*Provided records*:
----------------------------------------

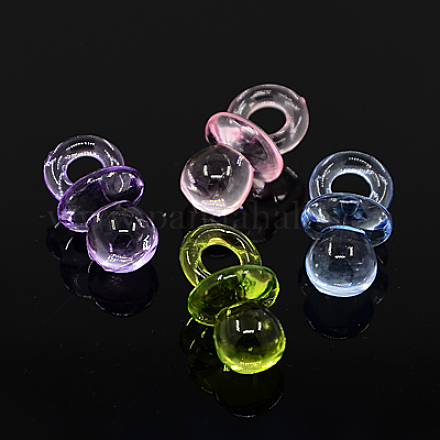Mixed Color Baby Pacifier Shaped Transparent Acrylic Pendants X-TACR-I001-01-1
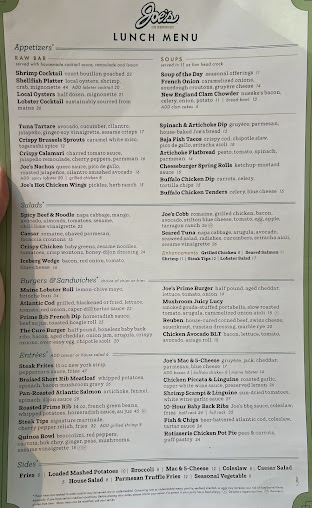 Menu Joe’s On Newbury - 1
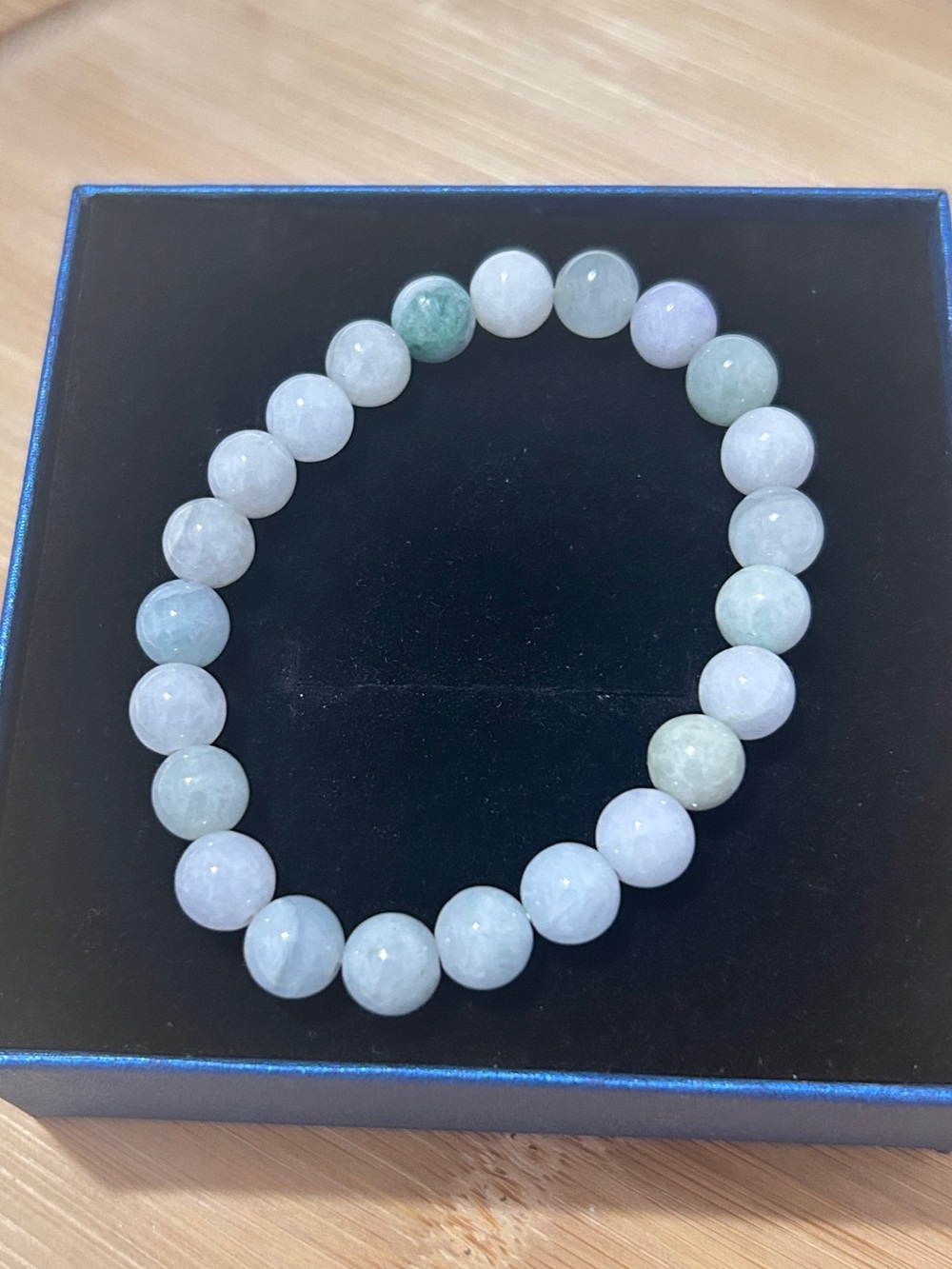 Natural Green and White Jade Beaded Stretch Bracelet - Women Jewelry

----------------------------------------

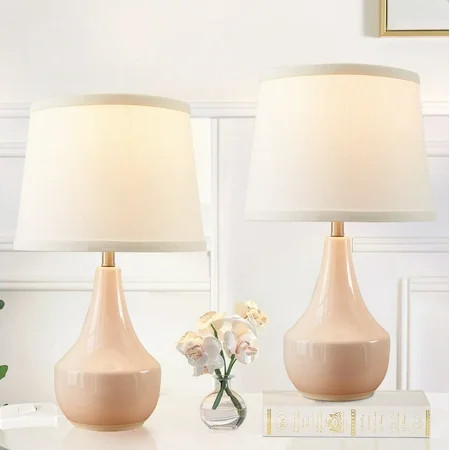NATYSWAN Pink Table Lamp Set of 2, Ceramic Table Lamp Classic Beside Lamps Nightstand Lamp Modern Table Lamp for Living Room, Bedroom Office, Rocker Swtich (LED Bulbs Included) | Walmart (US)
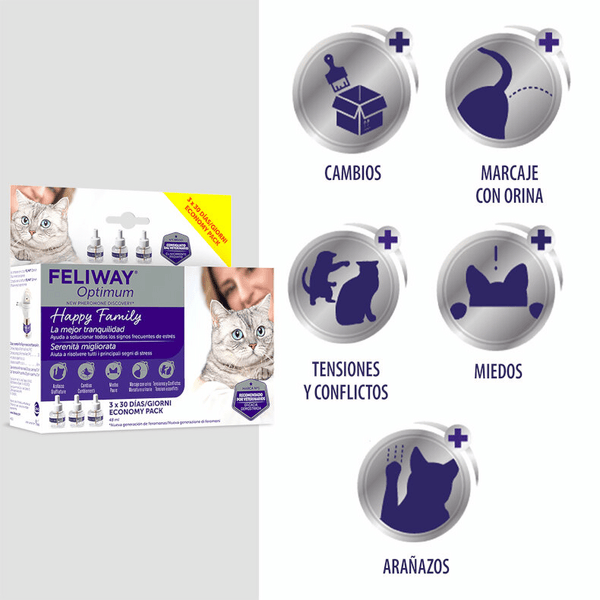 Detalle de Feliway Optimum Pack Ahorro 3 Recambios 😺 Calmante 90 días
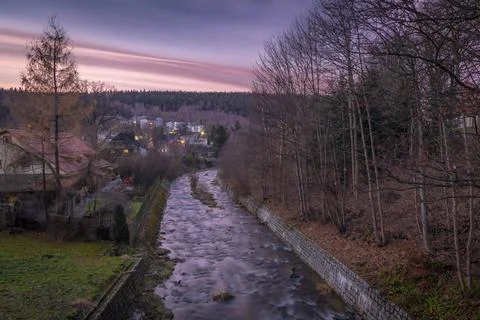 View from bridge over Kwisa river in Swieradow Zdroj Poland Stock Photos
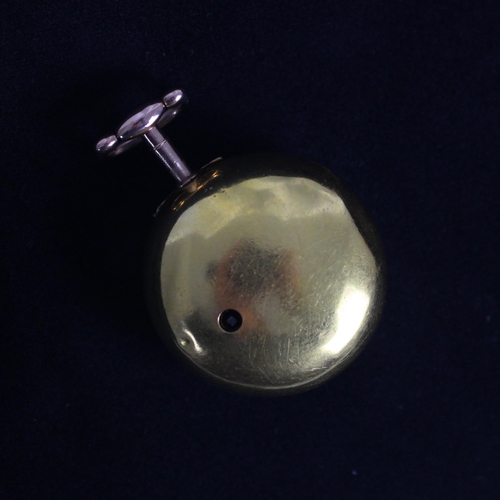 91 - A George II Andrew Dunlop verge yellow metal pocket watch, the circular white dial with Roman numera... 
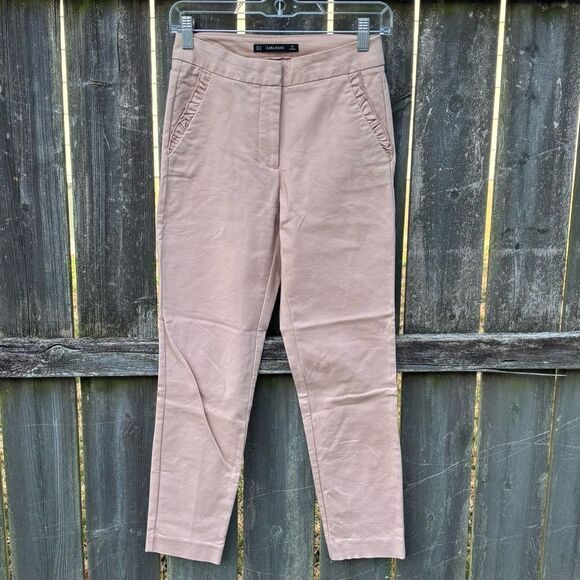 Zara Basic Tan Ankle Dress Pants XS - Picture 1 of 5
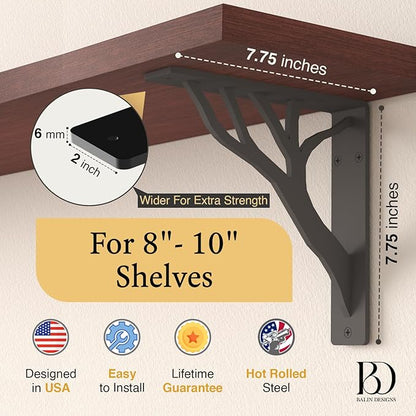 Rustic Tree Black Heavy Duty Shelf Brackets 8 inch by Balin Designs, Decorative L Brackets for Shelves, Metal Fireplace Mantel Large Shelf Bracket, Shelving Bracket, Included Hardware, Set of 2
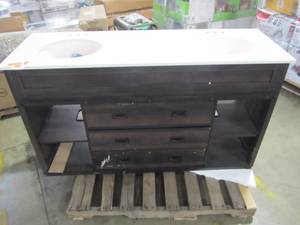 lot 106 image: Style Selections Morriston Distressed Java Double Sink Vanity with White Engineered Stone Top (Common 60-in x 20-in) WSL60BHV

----------------------------------------

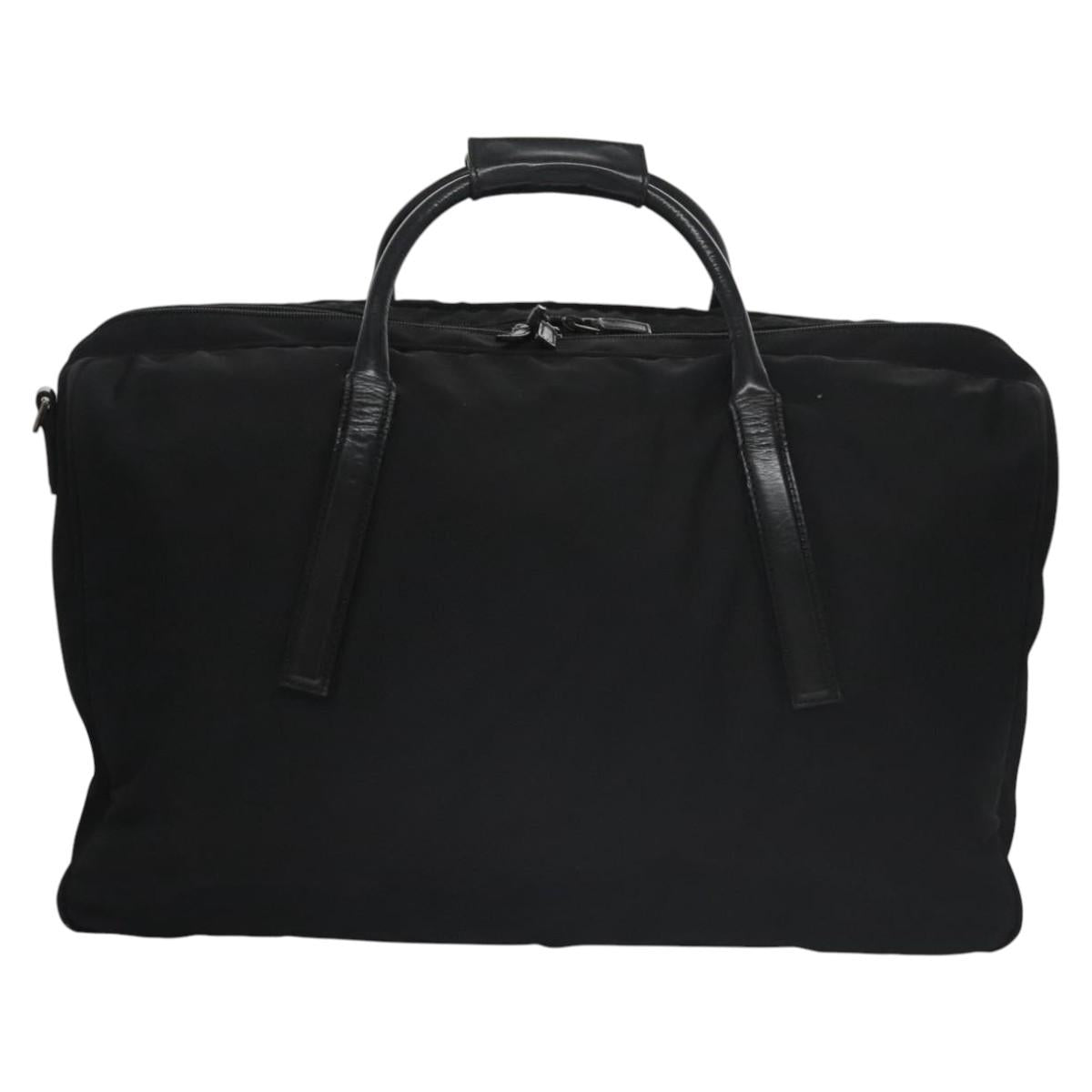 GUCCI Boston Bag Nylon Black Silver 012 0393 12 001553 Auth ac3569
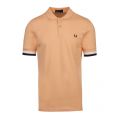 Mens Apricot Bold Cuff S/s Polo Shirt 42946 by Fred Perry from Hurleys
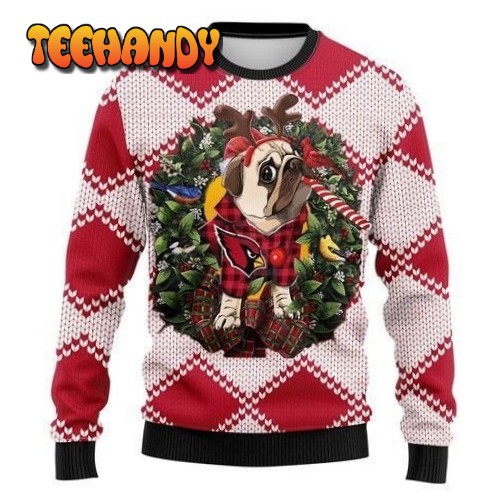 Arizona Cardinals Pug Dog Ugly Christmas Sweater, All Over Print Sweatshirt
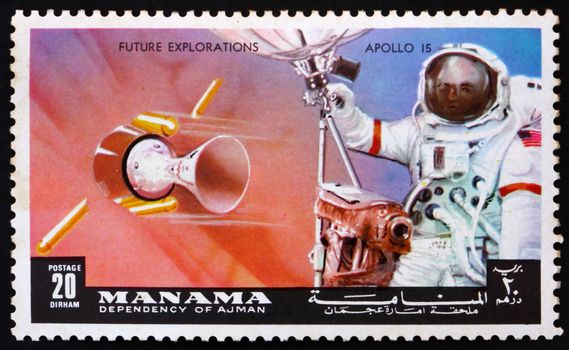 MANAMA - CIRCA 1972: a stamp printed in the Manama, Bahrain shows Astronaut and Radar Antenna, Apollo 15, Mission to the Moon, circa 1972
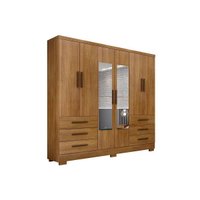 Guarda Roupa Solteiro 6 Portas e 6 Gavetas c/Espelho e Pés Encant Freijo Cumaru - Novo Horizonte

----------------------------------------

*Requirement*:
Look above for the line with "Mixed Color Baby", then give again exactly every line from there through the line with "Natural Green and", skipping the pictures.

*Solution for this task*:
Mixed Color Baby Pacifier Shaped Transparent Acrylic Pendants X-TACR-I001-01-1
 Menu Joe’s On Newbury - 1
 Natural Green and White Jade Beaded Stretch Bracelet - Women Jewelry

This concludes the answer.